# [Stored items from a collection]
================
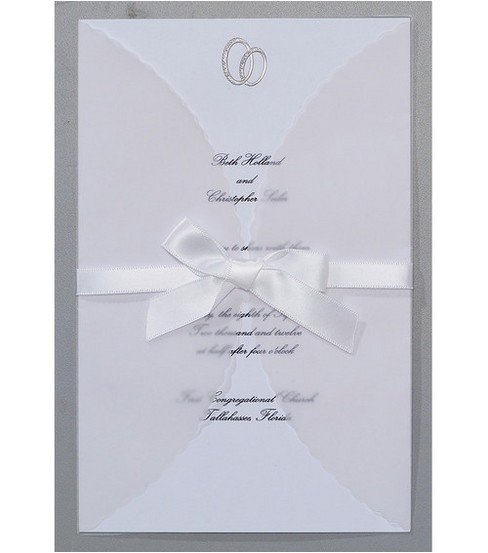 Joann Fabrics Wedding Invitation Kits Wilton 25 Ct Infinity Invitation Kit Jo Ann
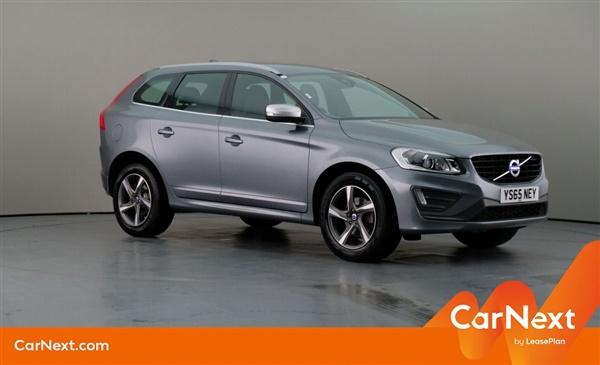 Volvo XC60 D] R DESIGN Lux Geartronic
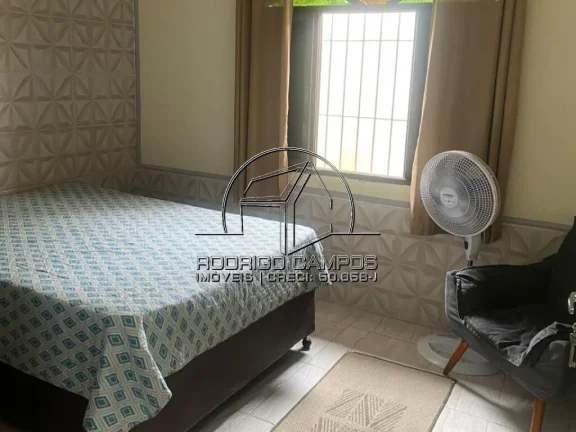 Imagem Espaçosa Casa Geminada à Venda no Tupiry, Praia Grande - 3 Quartos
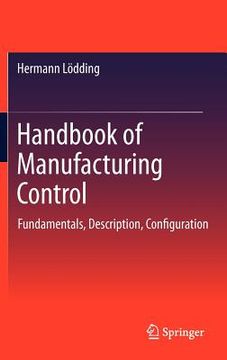 portada handbook of manufacturing control (en Inglés)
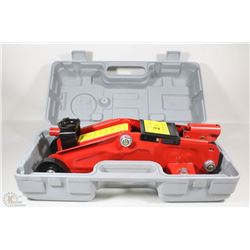 HYDRAULIC FLOOR JACK 2 TON IN HARDCASE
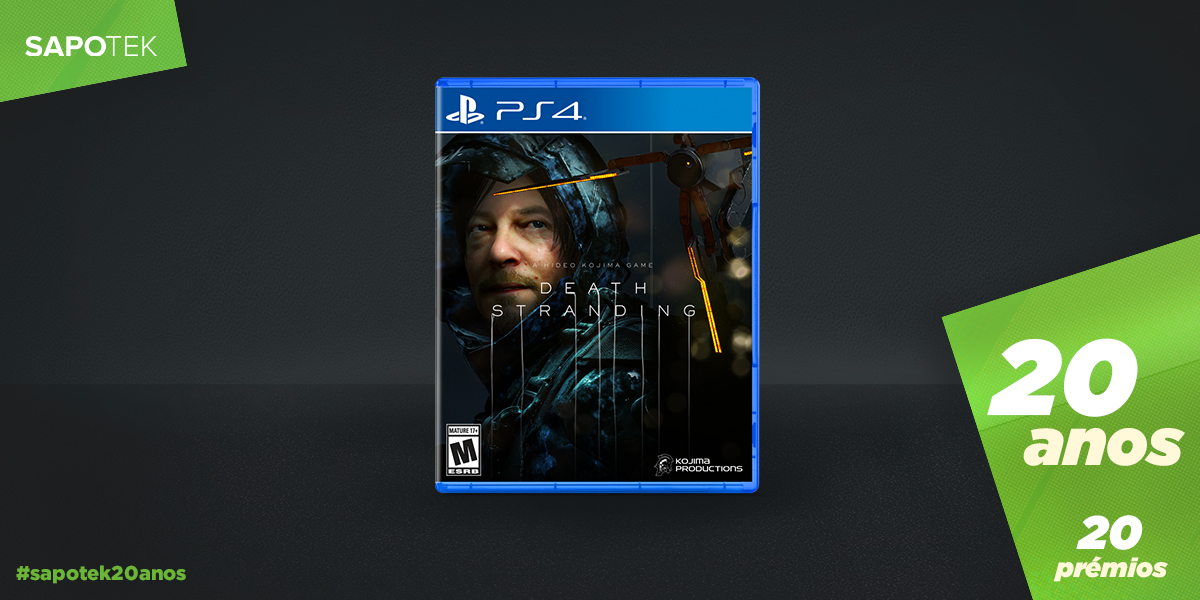 Passatempo SAPO TeK 20 anos 20 prémios: ganhe prémios da PlayStation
================
# [WHAT THE EXERCISE ASKS]
The copy should match the records above exactly, except that pictures are dropped.

# [TASK RESPONSE]
 Joann Fabrics Wedding Invitation Kits Wilton 25 Ct Infinity Invitation Kit Jo Ann
 Volvo XC60 D] R DESIGN Lux Geartronic
 Imagem Espaçosa Casa Geminada à Venda no Tupiry, Praia Grande - 3 Quartos
 portada handbook of manufacturing control (en Inglés)
 HYDRAULIC FLOOR JACK 2 TON IN HARDCASE
 Passatempo SAPO TeK 20 anos 20 prémios: ganhe prémios da PlayStation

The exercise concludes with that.